Chapter 2: Description of Samples and Populations

STAT 218 - Week 3, Lecture 1

January 22^th, 2024

This Week

This week we will…

learn to examine “Spread of Distributions”
identify the relationship between probability and the life science
begin our exploration of statistical inference
meet the family of normal curves
calculate/assess areas under a normal curve
assess Normality

Last Week’s Glossary - Check Your Understanding!

parameter	statistic	descriptive statistics	central tendency
mean	median	mode	Quarto
source pane	render	code chunk	ordinal variable
categorical variable	numeric variable	nominal variable	YAML (what?)
discrete variable	Bill Gates	continuous variable	robustness
exponential distribution	bimodal	right-skewed	left-skewed

Spread of Distributions

Let’s Remember This Example

Let’s assume we managed to collect data from our squirrels on campus :) Our class was divided into three groups, and each group measured the weights (lbs) of 10 squirrels. Here are the results:

Group 1: 1.25, 1.25, 1.25, 1.25, 1.25, 1.25, 1.25, 1.25, 1.25, 1.25

Group 2: 1.0, 1.0, 1.0, 1.0, 1.0, 1.5, 1.5, 1.5, 1.5, 1.5

Group 3: 1.0, 1.4, 1.2, 1.4, 1.1, 1.3, 1.6, 1.0, 1.2, 1.3

Dr. Demirci mentioned that looking at these numbers is so confusing. Can you please calculate the sample mean for them to summarize this data?

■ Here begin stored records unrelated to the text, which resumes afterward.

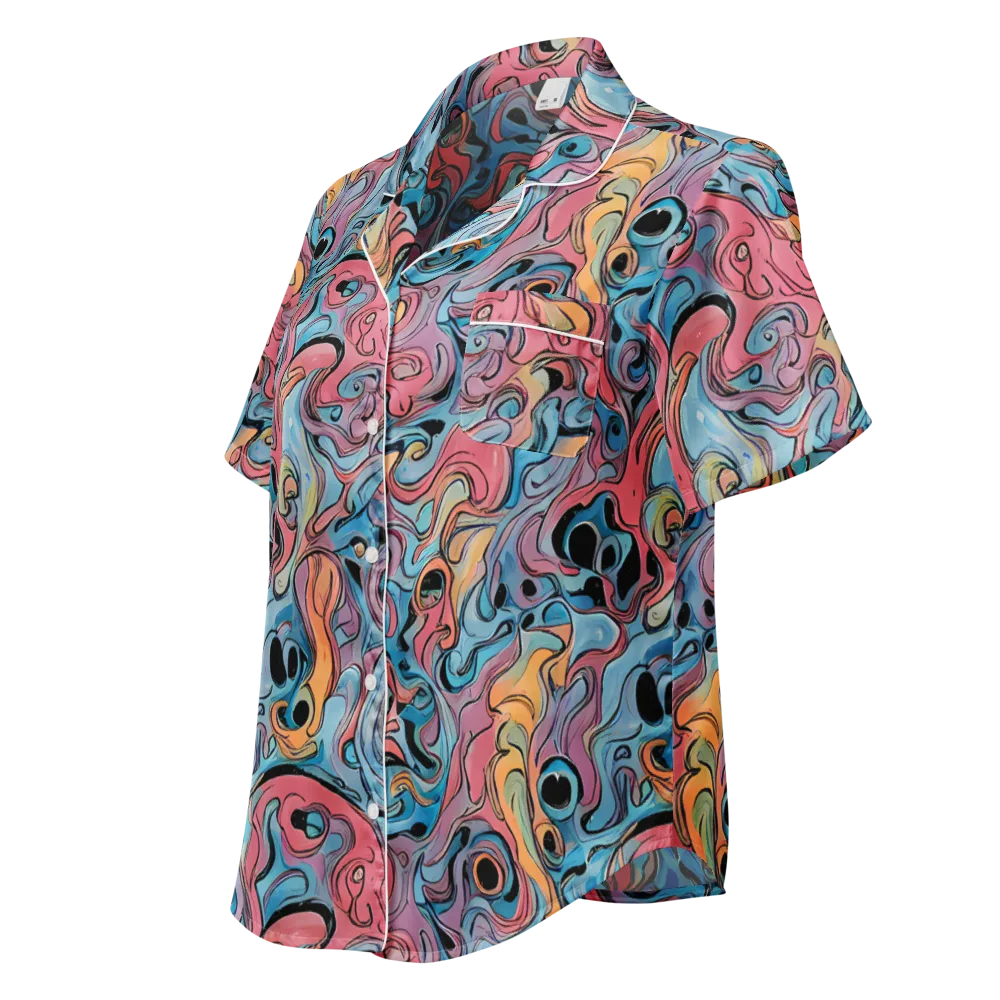 Electric Puddle on Women's Short Sleeve Pajama Top — Left Front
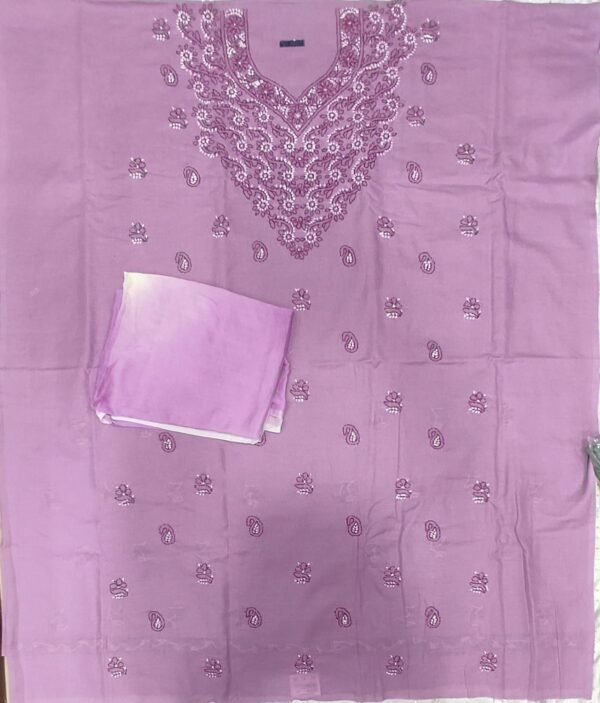 Pink lucknow chikankari cotton dress material with dupatta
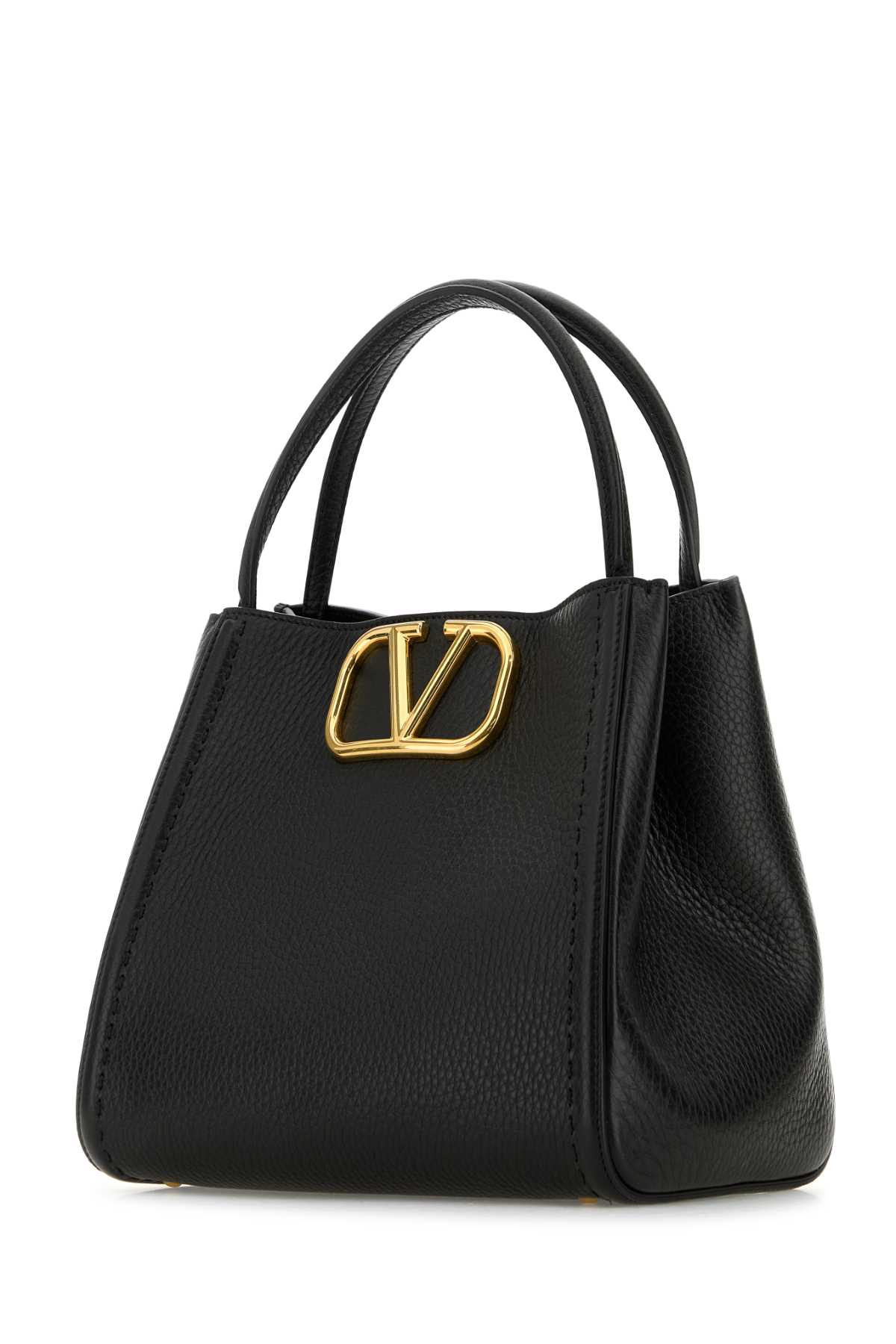 Valentino Black Leather Vlogo Handbag In Nero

All these groups calculated the same mean, which is 1.25 lbs. Dr. Demirci seemed not so happy with this number.

Why?

Spread of Distribution

So far, we’ve explored the shapes and central tendencies of distributions
- but an effective depiction of a distribution should also capture its dispersion
  - whether the observations in the sample are mostly uniform or exhibit significant variation.
We can also report this by using
- Range
- Standard Deviation
- Interquartile Range

Range

Range is one of the measures of dispersion indicating the difference between largest and smallest observations in a sample.
Let’s calculate range
- Group 1: \(1.25 - 1.25 = 0\)
- Group 2: \(1.5 - 1.0 = 0.5\)
- Group 3: \(1.6 - 1.0 = 0.6\)

Warning

Range is easy to calculate, but very sensitive to extreme values
- It is not robust.

Standard Deviation and Variance

Variance is denoted as \(s^2\), which is the standard deviation squared
Let’s calculate standard deviation for each squirrel group!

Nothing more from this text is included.